As Lucas said: gifs are still images; animated gifs are animated images. The gif format supports animation and all gifs can be printed.


----------



## Lucas Garron (Mar 13, 2014)

pipkiksass said:


> My only issue with this is that I prefer seeing the cases as I execute them, rather than the alg starting with y/U moves, as is common on the wiki and elsewhere, where alternative algs appear for individual cases. Maybe that's personal preference on my part though.



Certainly a valid argument.
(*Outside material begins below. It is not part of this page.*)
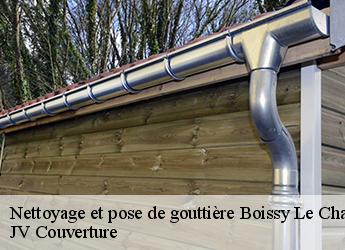 Nettoyage et pose de gouttière  77169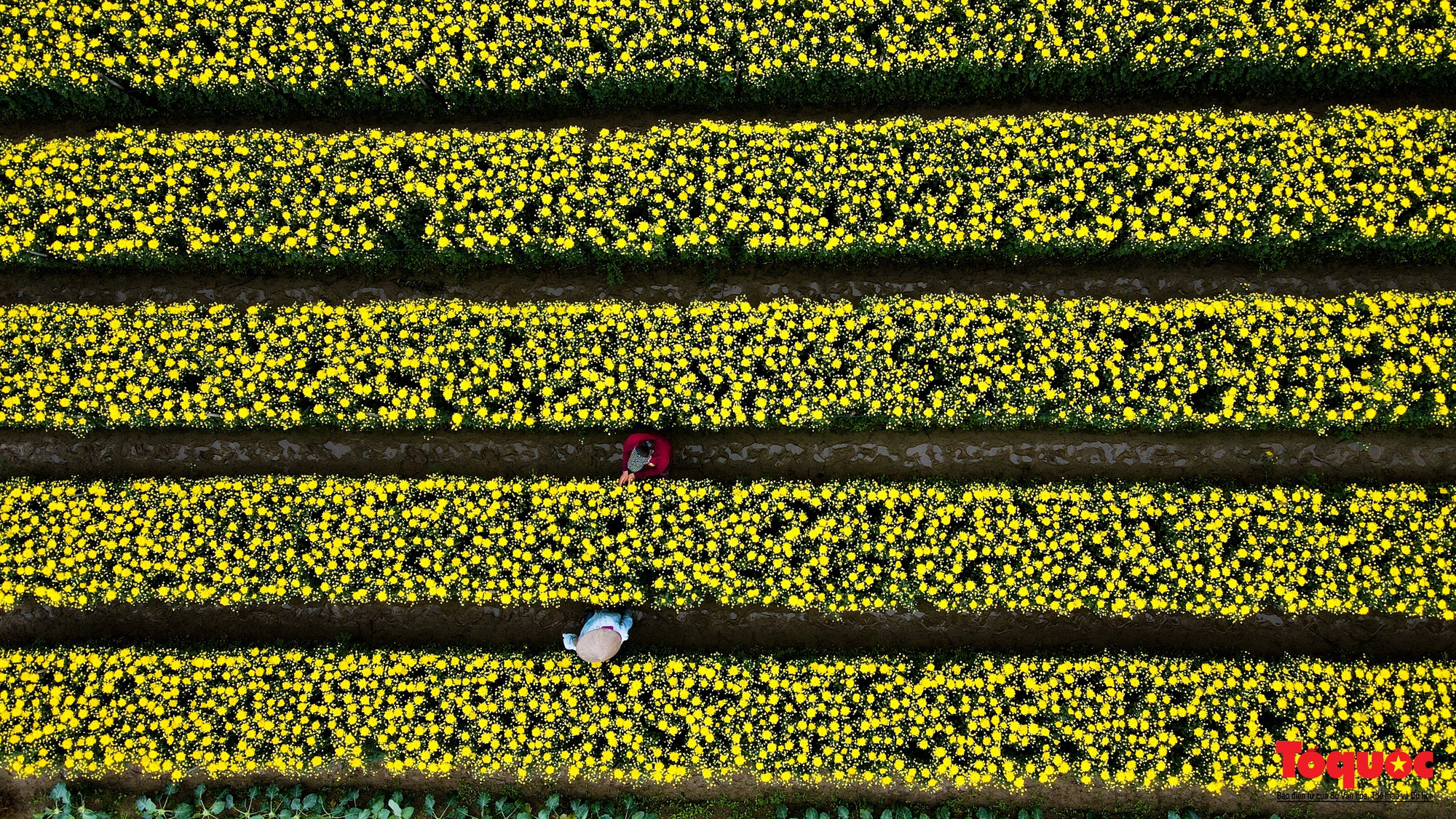 Dai Thinh es una zona del distrito de Me Linh especializada en el cultivo de crisantemos.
But for a generic alg sheet that others can use, a default structure would be more useful.
There will be AUFs, anyhow.



pipkiksass said:


> In my doc I chose to order by case number, because its just as arbitrary as any other ordering system, if slightly less useful!



I'd argue that my table ordering is not arbitrary, and also useful.
I've never been a fan of OLL charts organized by how the algs "feel", because I always recognize them by how they *look*.

EDIT: That reminds me, I need to do 3x(3x3) tables for CLS some time.


----------



## Logiqx (Mar 13, 2014)

Lucas Garron said:


> It's a bit hard to read, but notice that the OELL has the same AUF in each column (similarly for OCLL in each row).
> http://archive.garron.us/img/2014/oll-book.jpg



It's really cool to see your sketch from 2011. Thanks for sharing it!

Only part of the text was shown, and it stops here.